When you’re trying to become more responsible with your credit cards, you’ll come across a lot of advice online. Unfortunately, not all of this advice is reliable. In fact, following the wrong advice could see you get into further credit difficulties.
To help ensure you don’t follow the wrong information, below are some of the main pieces of credit card advice you should ignore.
“The More Credit You Use, the Better Your Credit Score Will Be”
There is a very common misconception that the more credit you use, the better your score will be. While it’s true that getting accepted for credit means your credit score is obviously healthy, utilizing too much credit can actually harm your rating.
One of the main factors used to determine your rating is how much of the credit you’re using. Ideally, you’ll want to have a low credit utilization. This means using less than 50% of the credit available to you. If you’re using 50% or more, it’s a red flag that you’re struggling financially and need to rely on credit.
“Never Transfer Balances onto Different Cards”
You’ll also see advice telling you not to transfer an existing balance onto another credit card. There are times when balance transfers can cause you to owe more money. However, they can also prove useful at times when you need a payment break.
Many balance transfer cards also come with 0% interest for six to twelve months. So, you could actually pay off the balance sooner, paying off less in the long term due to the 0% interest.

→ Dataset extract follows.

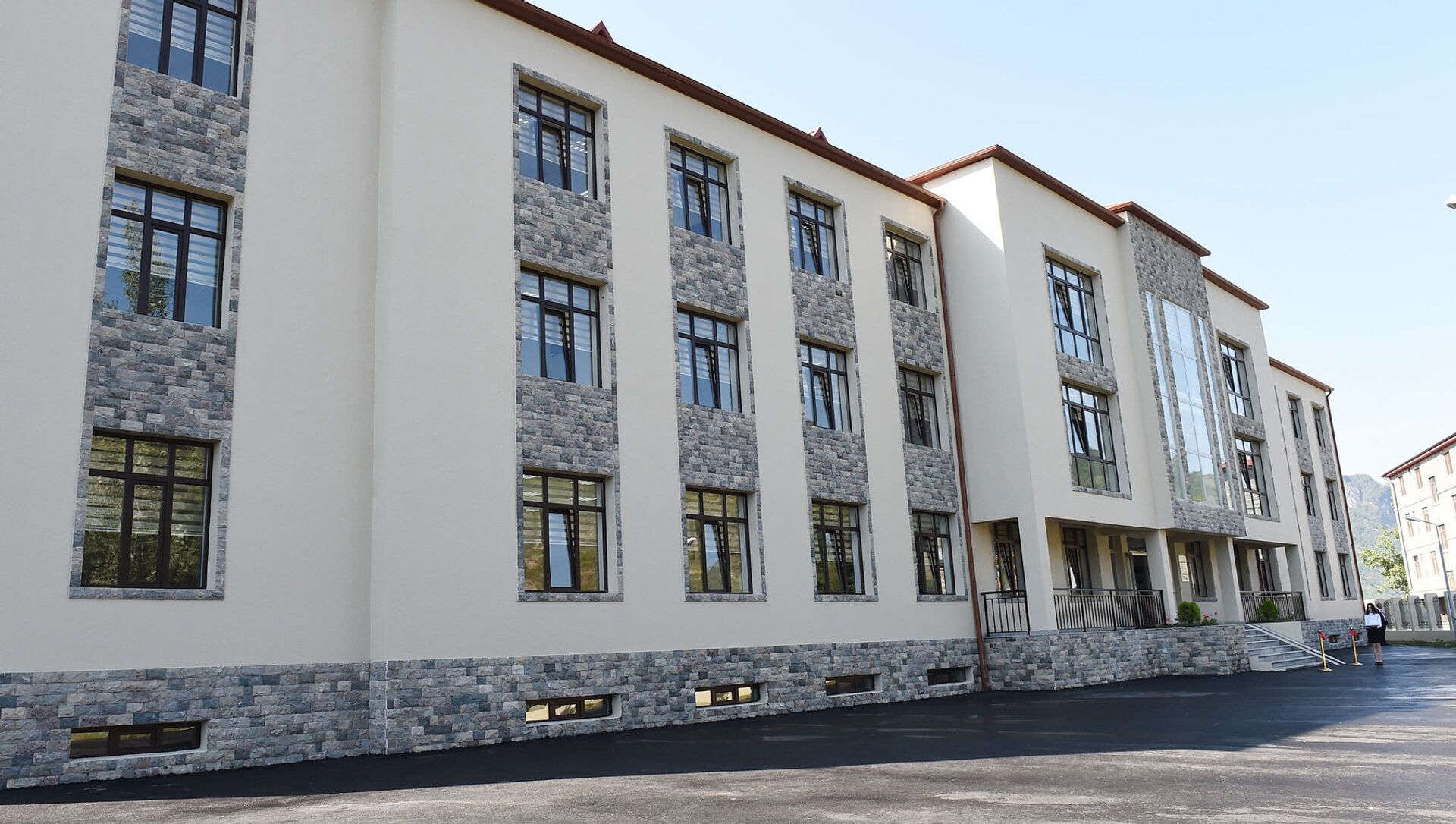 İsmayıllı rayonunun Lahıc qəsəbəsində yeni inşa olunan məktəb binası - Sputnik Azərbaycan, 1920, 05.09.2021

“Don’t Pay Attention to the APR”
If you look at the APR of credit cards, you’ll see it can be scarily high. However, some advice tells you not to worry about this as it only really applies if you get into trouble. The truth is, the APR makes a huge difference to your finances.
When choosing a credit card, it’s important to select one with the lowest APR. That way, you’ll be paying less back in interest, making the repayments much more affordable.
“Only Pay the Minimum Each Month”
Ignore any advice which tells you to only pay back the minimum of your balance every month. Yes, paying back the minimum can be useful at times, but it’s also a sure-fire way to never get out of debt.
The minimum payment usually only takes into account the interest on the balance. So, you won’t actually be paying off much of the balance if you only pay the minimum.
“Just Pick Any Card; They All Help”
A little like the advice to not pay attention to the APR, you’ll also want to avoid simply picking any credit card. No two cards are equal. They have different interest rates, benefits and uses. Therefore, it’s important to make sure you’re choosing a card which best fits your circumstances. Always take the time to compare credit cards before choosing the right one for you.
So, there you have it – some of the main pieces of credit card advice you should absolutely ignore. Following the wrong advice can be really detrimental to your finances.